Wir brauchen gemeinwohlorientierte Algorithmen
Beitrag von Susanne Senekowitsch, WUK Bildung und Beratung
Einem hochaktuellen und brisanten Thema widmete sich der diesjährige WUK Bildungs- und Beratungstag am 2. Oktober 2019. Kurz davor, im September 2019, beschloss der Verwaltungsrat des AMS die Einführung des zumeist als AMS-Algorithmus bezeichneten Arbeitsmarktchancen-Assistenzsystems ab 2020. In Zukunft werden Algorithmen die Förderwürdigkeit von Arbeitslosen einstufen, eine Entscheidung, die auch bei der Fachtagung im WUK für viel Diskussion sorgte. Nicht nur vor Ort im Saal, sondern auch digital über die Online-Plattform sli.do diskutierten die mehr als 250 Besucher_innen intensiv mit den eingeladenen Expert_innen Wolfie Christl, Schifteh Hashemi, Johanna Hummelbrunner, Judit Marte-Huainigg, Rene Pfister und Moderatorin Lisa Mayr über Algorithmen, Digitalisierung und Arbeitsmarkt.

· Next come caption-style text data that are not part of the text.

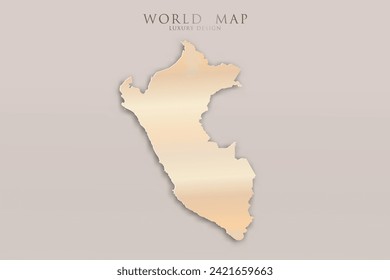 Peru Map - World map International vector template with 3D, gold luxury design including shadow on bright background for design, education, website, infographic - Vector illustration eps 10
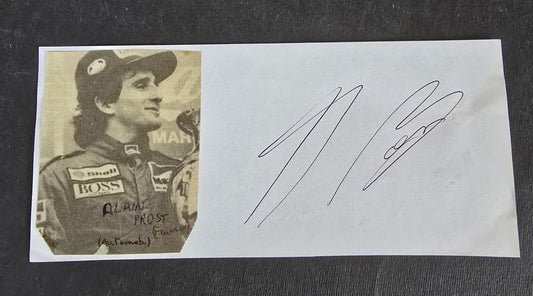 Autografo autograph originale su foglietto  Alain Prost automobilismo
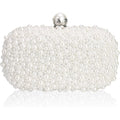 Women Pearl Clutches Noble Crystal Beaded Evening Handbag Chain Strap Shoulder Bag For Wedding Bridal Party Prom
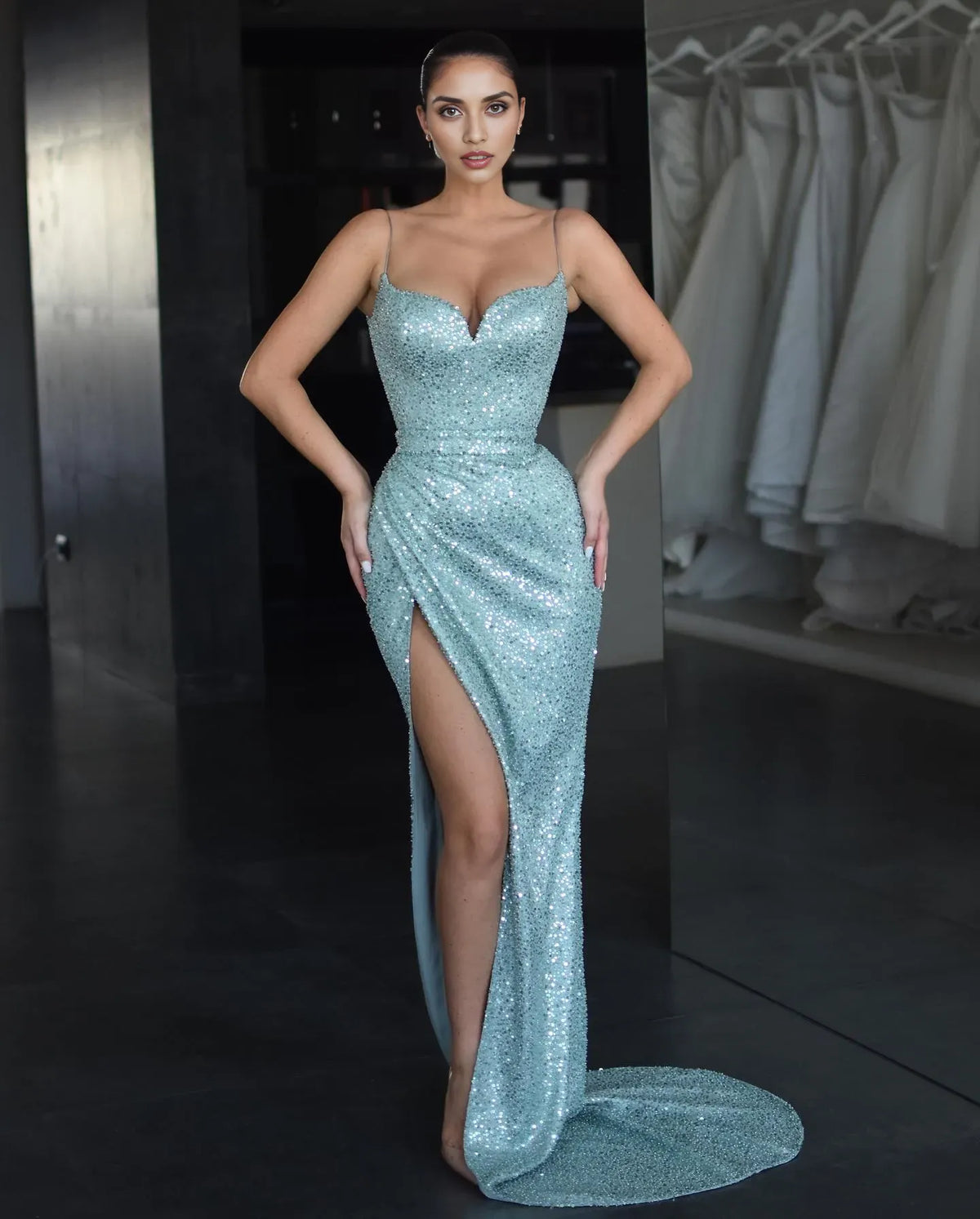 Dress Formal Women's Dresses Elegant Blue Mermaid Prom Dresses Spaghetti Sequins Evening Dress Lace Up Back Pleats Split Formal Long Special Occasion Party dress Prom Dress Stores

Judit Marte-Huainigg erwiderte, es gehe darum, mit welchen Maßnahmen man was erreichen kann. Es wurde ein neues Maßnahmensystem entwickelt und getestet und da gab es sehr positive Ergebnisse. Was neu sei, ist, dass jedem Kunden, der niedrige Arbeitsmarktchancen hat, so ein Angebot gemacht werden muss. Sie betonte auch, dass zielgruppenspezifische Maßnahmen wie z.B. für Menschen mit Behinderungen ausgenommen seien. Herbert Pichler, Mitarbeiter vom Gewerkschaftsbund und Präsident des österreichischen Behindertenrates, stellte dies aus dem Publikum in Abrede. Es würde nämlich momentan beim Arbeitsmarktservice nur eine kleine Gruppe, nämlich nur jene mit Feststellungsbescheid, nicht in dieses Segment C fallen. Alle anderen fallen automatisch rein, egal welche Behinderungsform jemand habe. Das sei dann der beste Weg in die Sozialhilfe. Er betonte, man könne seinen Kund_innen nur empfehlen, eine Behinderung auf keinen Fall anzugeben.
Das Thema des diesjährigen WUK Bildungs- und Beratungstags wird wohl noch weiter diskutiert werden müssen. Zum Schluss ein Kommentar von Wolfie Christl, der am Ende seines Vortrags seine eigene Eingangsfrage „Digitale Chancen oder automatisierte Ungleichheit?“ folgendermaßen beantwortete:
„Anstatt gesellschaftliche Ungleichheit und Diskriminierung politisch anzugehen, verschwinden sie mit Algorithmen hinter Maschinen und scheinbar so objektiver wie unangreifbarer Mathematik. Digitale Chancen für alle? Mit technischen Systemen, die einseitig von kurzsichtigen Zielen wie Wachstum, Profit oder Effizienz geprägt sind, wird das nichts. Wenn, dann brauchen wir gemeinwohlorientierte Algorithmen, die Autonomie, Gerechtigkeit und Mitbestimmung ermöglichen.“
Maschine : Mensch - Wer entscheidet in Zukunft über unsere Jobs?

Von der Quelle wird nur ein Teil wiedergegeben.